Our focus in this chapter is on one key dimension of the Court’s power: its ability to induce lower courts to abide by its precedents, hence increasing its influence and impact. As a preliminary matter, we note that the question of what impact the Supreme Court has is certainly much broader than the extent to which the nation’s high court can command lower court compliance. Understanding the impact of the Court requires understanding the ability of the Court to exert influence in society writ large.2 Accordingly, alternative foci for the study of the Court’s impact include, for example, the Court’s influence on congressional behavior (Martin 2001), the development and administration of higher education admissions policies (Taylor, Haynie, and Sill 2008), or the presence of small-town displays of religious symbols in late December (Segal, Spaeth, and Benesh 2005, 368).3 Scholars vigorously debate whether the Court can indeed exert a broad impact in society given its enforcement challenges (Hall 2011; Rosenberg 2008; cf. McCann 1994), and some even suggest that the Court, when it makes controversial decisions in a given issue area, can make matters worse by creating a backlash (Keck 2009). Nonetheless, lower court compliance certainly affects Supreme Court impact—without compliance by lower courts and other actors affected by Supreme Court decisions and without their responsiveness to changes in Supreme Court doctrine, the Court can have no impact.4 Thus, the appeal of focusing on lower court compliance lies in the fact that the lower courts constitute “the first link in the chain of events that gives a judicial decision its impact” (Canon and Johnson 1999, 29).
We begin our consideration of compliance by examining the leading models of lower court compliance. We then discuss the legitimacy of the Supreme Court and its power as derived from that support, considering the extent to which the mere moral force of Supreme Court authority might compel compliance with its rulings by the lower state and federal courts, its most important of agents. Our inquiry is ultimately directed at the compelling question of whether it is inevitable that the lower courts will faithfully implement the precedents of the Supreme Court.

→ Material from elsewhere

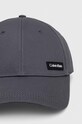 Calvin Klein șapcă de baseball din bumbac K50K510487 gri SS24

Compliance with the Supreme Court
Scholars studying the Supreme Court originally paid little heed to how the Court’s rulings were treated by lower courts. Lower court compliance was simply taken as a given. As students of the Court became aware that compliance was not, in fact, a given (perhaps prompted by the Court’s efforts to desegregate public schools), they devoted increasingly more time and attention to understanding whether and how lower courts responded to the rulings of the nation’s highest court. Not surprisingly, then, early analyses of lower court compliance centered on evident noncompliance on the part of lower courts with Supreme Court precedents in controversial areas of the law, such as civil rights and liberties (see, for example, Murphy 1959; Peltason 1961). In contrast, most contemporary research on compliance has found that lower courts (as well as other actors, for that matter) generally comply with Supreme Court rulings across a variety of issue areas and under a variety of circumstances (see, for example, Benesh and Reddick 2002; Luse et al. 2009; Songer and Sheehan 1990). Of course, a lower court need not completely or overtly thwart Supreme Court precedent in order to provide a less-than-faithful application of it. Indeed, the lower courts have several options available to them should they find themselves faced with a Supreme Court precedent they find unappealing. They can interpret the decision narrowly, limiting the application of the precedent based on very specific factual differences between the precedential case and the case to which the precedent ostensibly applies (Canon and Johnson 1999, 92–114). They may cite their own opinions in lieu of citing the “offending” precedent (Manwaring 1968).5 They may attempt to distinguish their case from the one for which Supreme Court precedent is available (Caminker 1994). They may dispose of the case on procedural grounds (e.g., finding that the parties do not have standing to bring suit) (Canon and Johnson 1999, 92–114). They may criticize the Supreme Court while following it (Tarr 1977). Or, the lower courts may simply ignore the existence of the offending precedent (Reddick and Benesh 2000).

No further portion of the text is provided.